** Opening EXCERPTED DATA block **

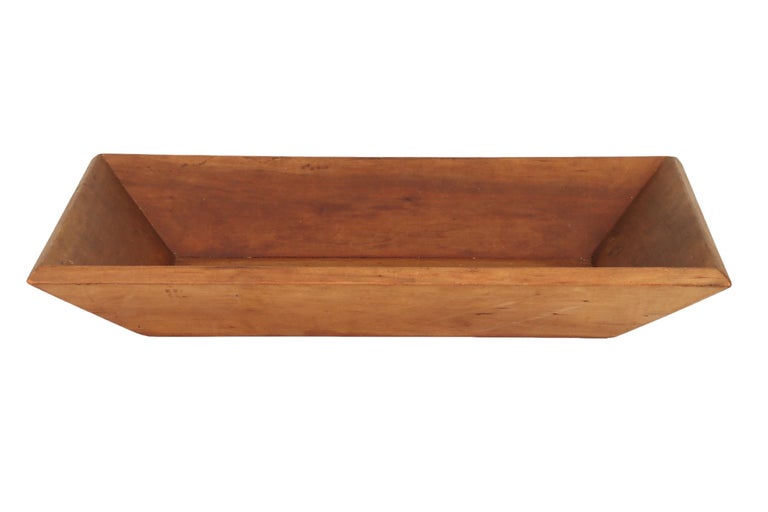 A primitive style rectangular antique dough bowl or trencher bowl. Since colonial times these wooden bowls were found in every home to mix bread dough.
 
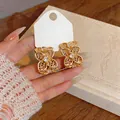 Detalle de pendientes de flores huecas doradas en forma de C con circonitas brillantes - Dorado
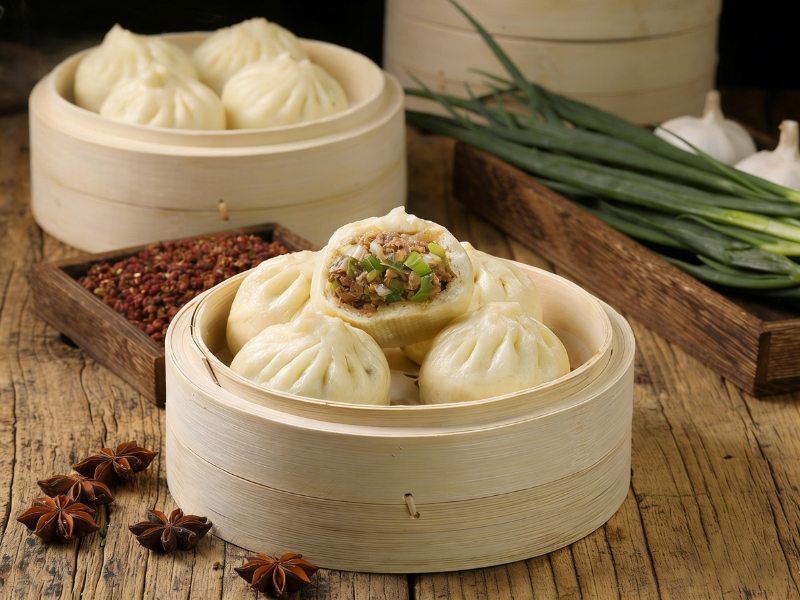 Soft steamed buns stuffed with minced meat and scallions at Gao Qunsheng's Spicy Soup, a Chinese Restaurant in Flushing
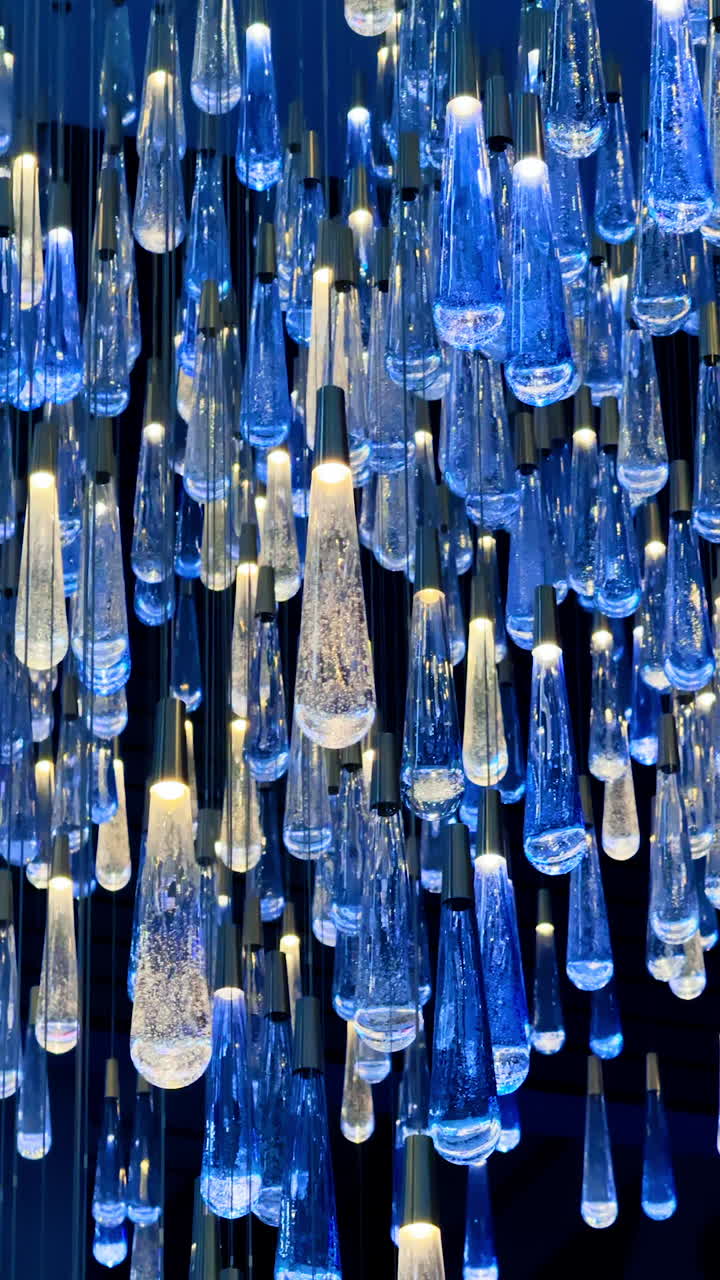 Multiple unusually-shaped light bulbs hanging from the ceiling. Blue and white lamps for decoration. Vertical video.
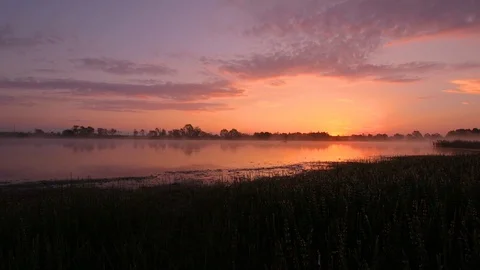 Sunrise above the pond with cloudy sky at summer. Stock Footage 108858572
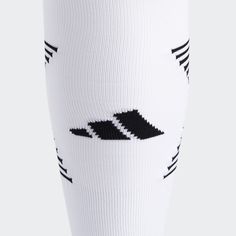 the legs of a person wearing white socks with black and white stripes on their ankles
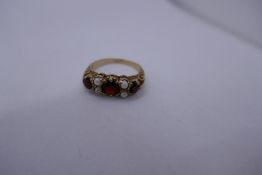 9ct garnet and seed pearl gypsy ring, marked 9ct, 2.6 g approx., size M.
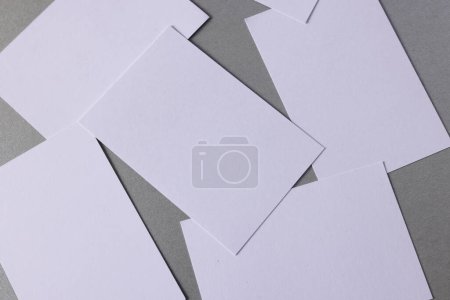 Foto de White business cards with copy space on grey background. Business, business card, stationery and writing space digitally generated image. - Imagen libre de derechos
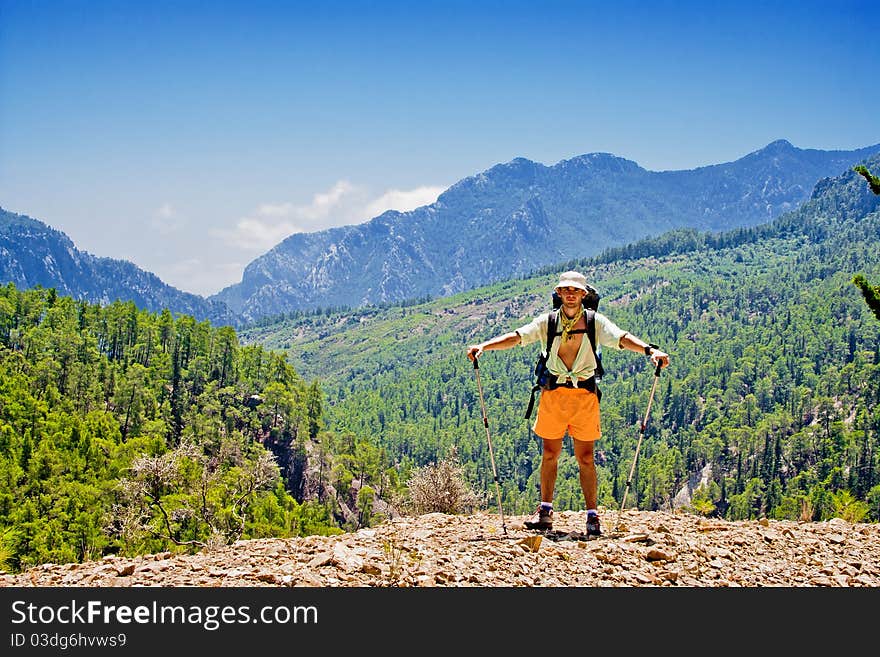 Portrait of hiker standing against the mountains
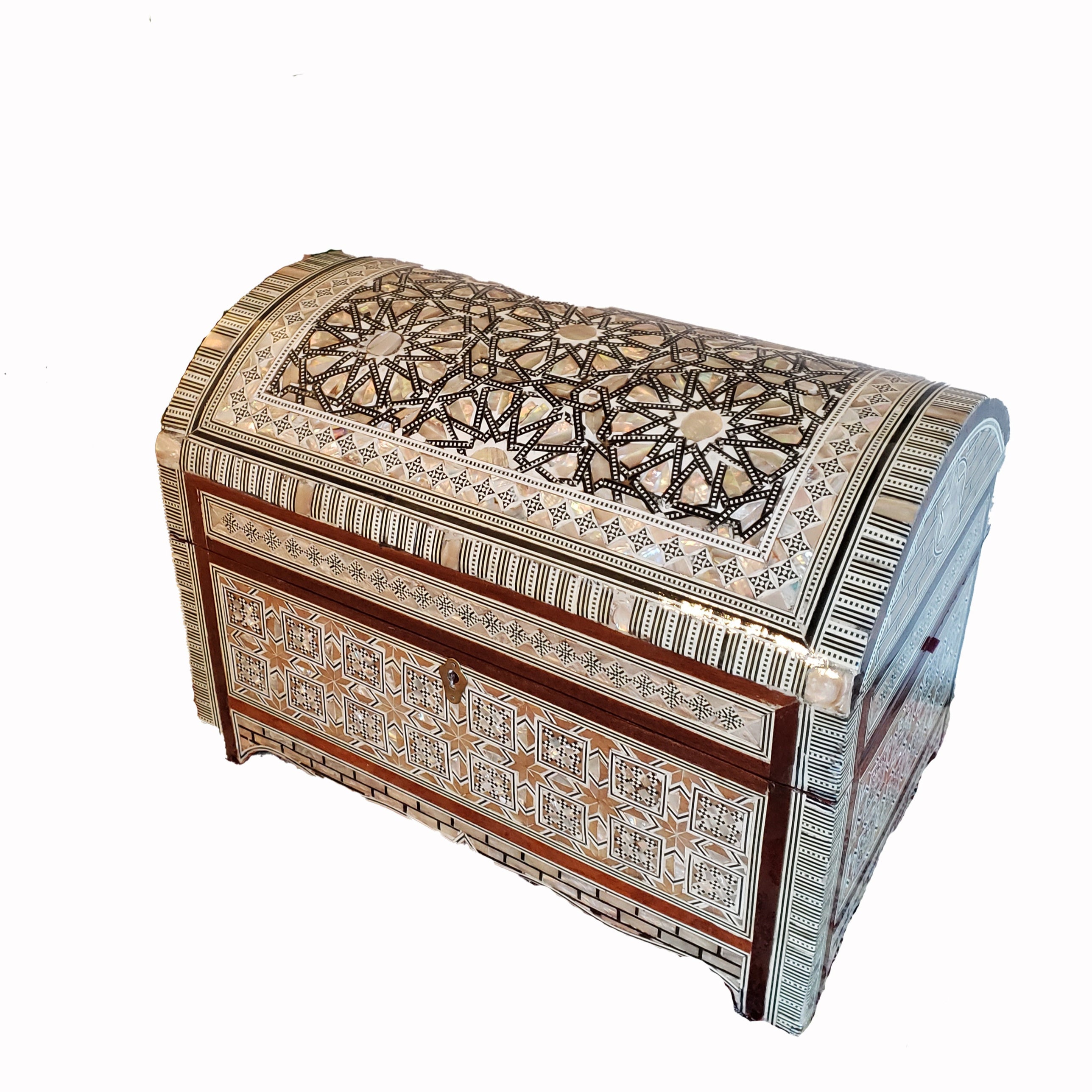 Decorative wooden box with intricate patterns on a white background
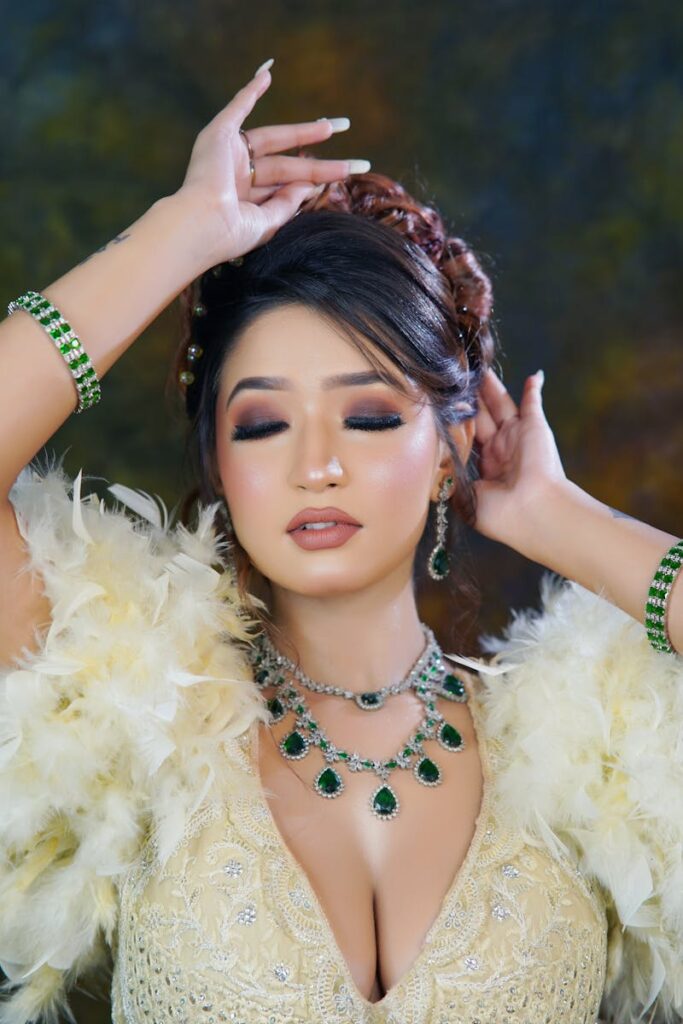 Close-up portrait of a woman with glamorous jewelry and makeup in a stylish pose.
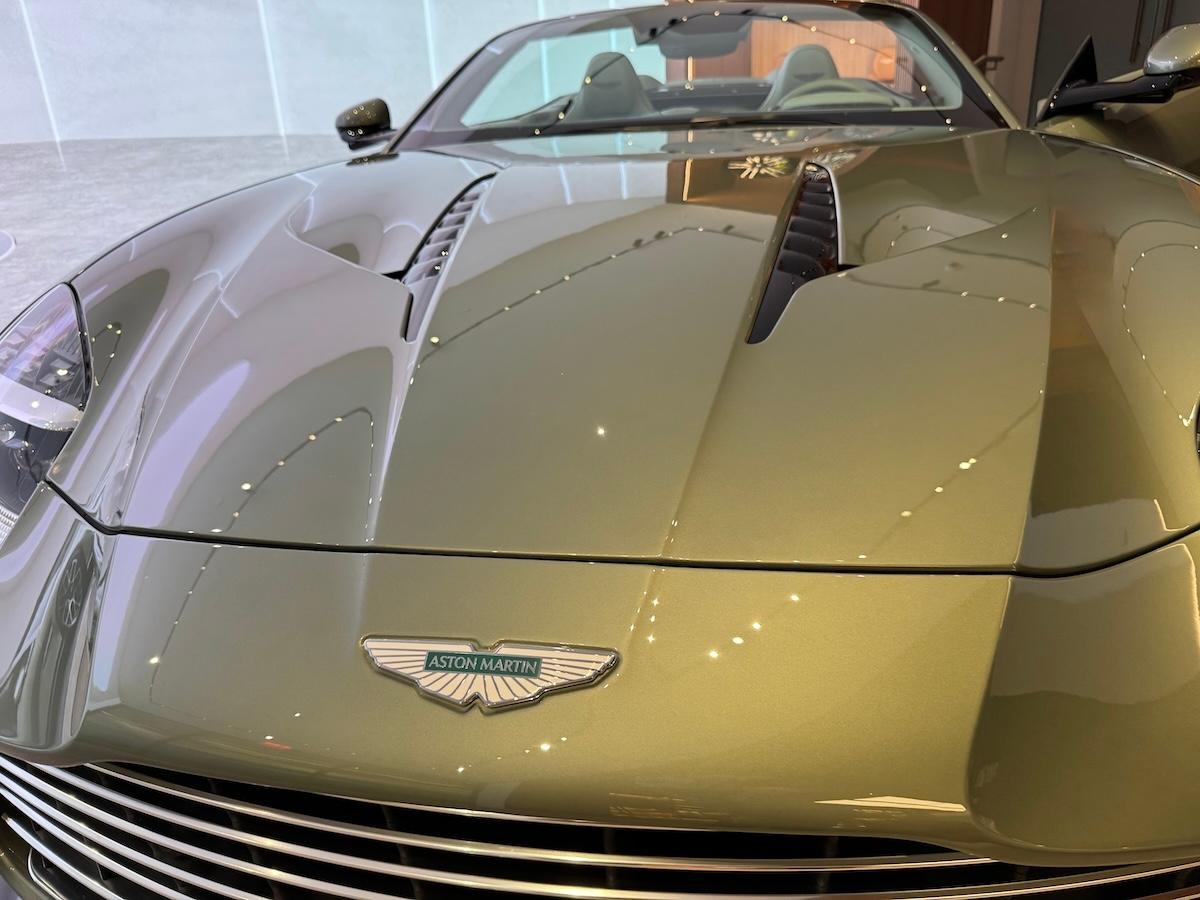 The Front Hood And Badge On The Aston Martin Vanquish Volante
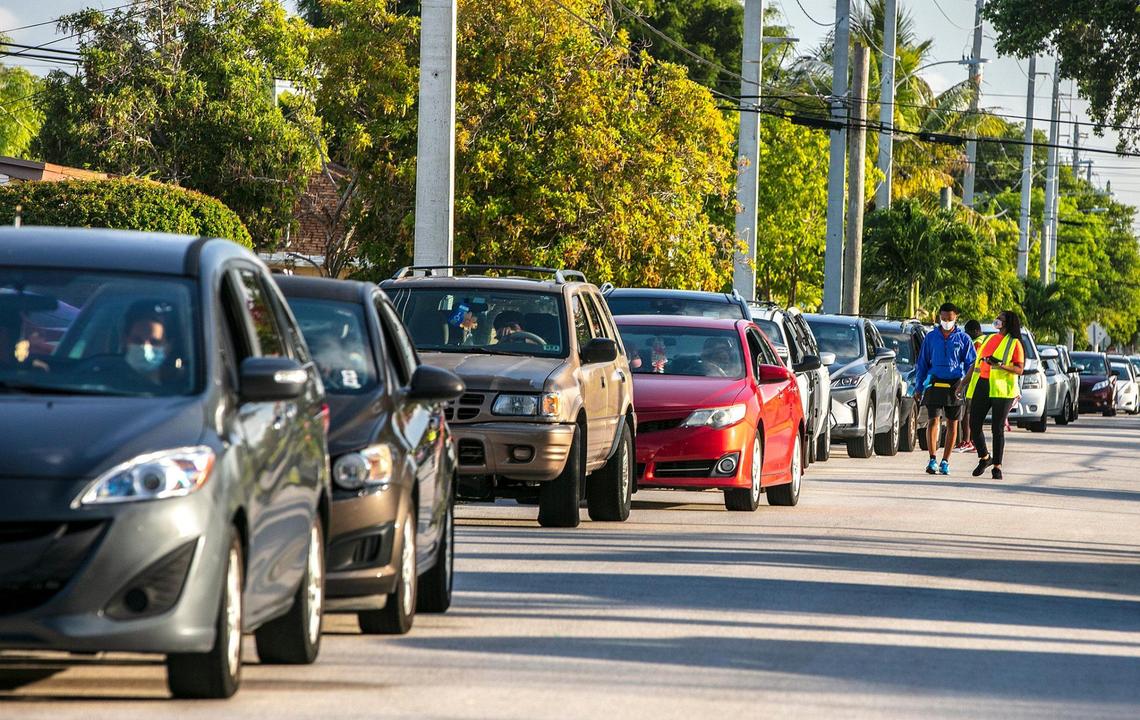North Miami Beach residents lined up in their cars along Northeast Fourth Avenue during a Publix gift card distribution drive-thru at Uleta Park Community Center on Saturday, June 5, 2021.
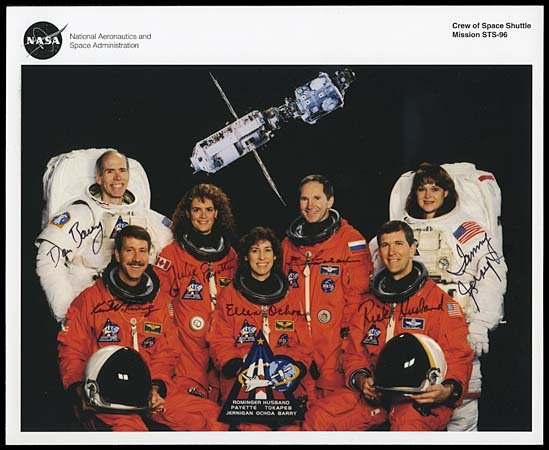 1999 STS-096 CREW AUTOGRAPHED LITHO: Rominger, Husband, Ochoa, Jernigan, Barry Payette & Tokarev signatures in black sharpie on this official NASA 8"x10" color lithograph of the entire crew, either in their orange pressure suits or in th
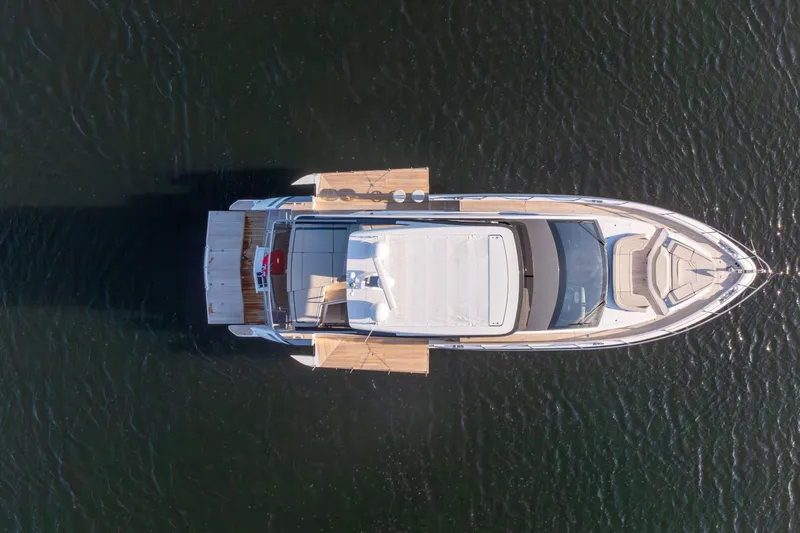 Slide: The Image of Aerial view of 2026 Fairline Squadron 58 yacht on calm water. - 2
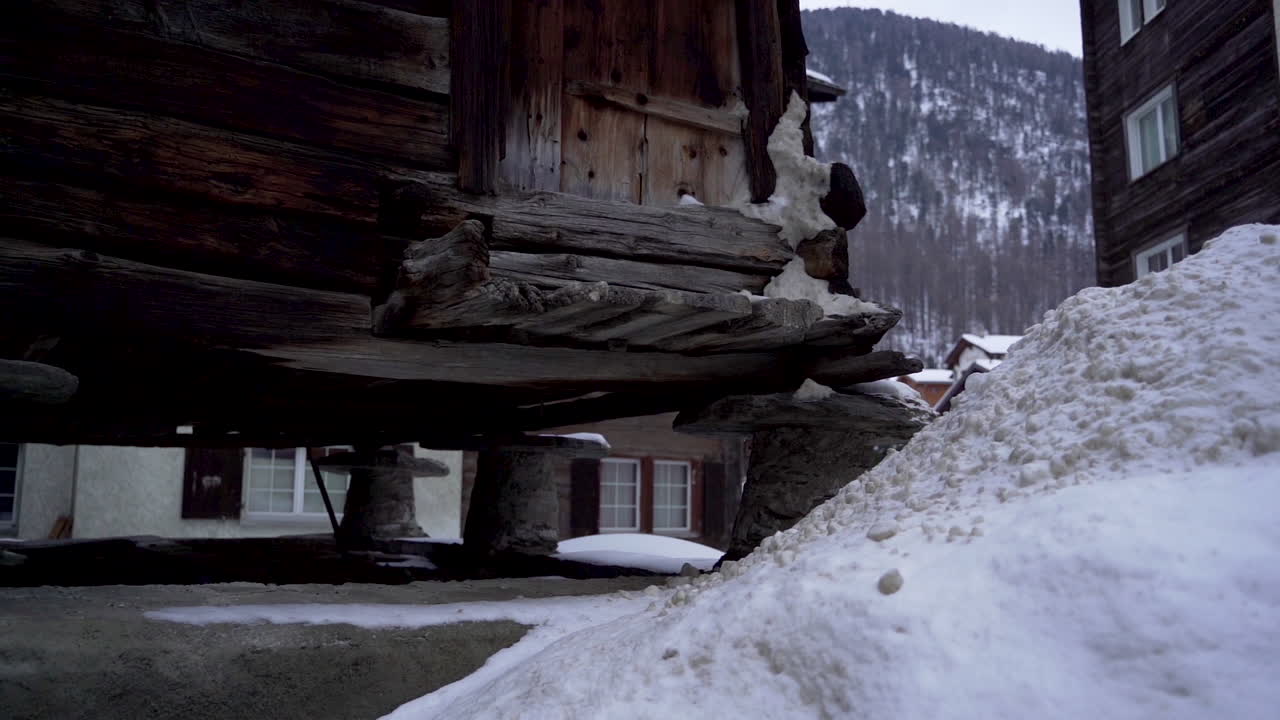 Panning past bottom side of old cabin in small town in Switzerland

** Closing EXCERPTED DATA block **

» BRIEF
Could you copy, exactly and with no pictures, each line from the first one above to the line holding "the legs of"?

» ANSWER
 A primitive style rectangular antique dough bowl or trencher bowl. Since colonial times these wooden bowls were found in every home to mix bread dough.
 
 Detalle de pendientes de flores huecas doradas en forma de C con circonitas brillantes - Dorado
 Soft steamed buns stuffed with minced meat and scallions at Gao Qunsheng's Spicy Soup, a Chinese Restaurant in Flushing
 Multiple unusually-shaped light bulbs hanging from the ceiling. Blue and white lamps for decoration. Vertical video.
 Sunrise above the pond with cloudy sky at summer. Stock Footage 108858572
 the legs of a person wearing white socks with black and white stripes on their ankles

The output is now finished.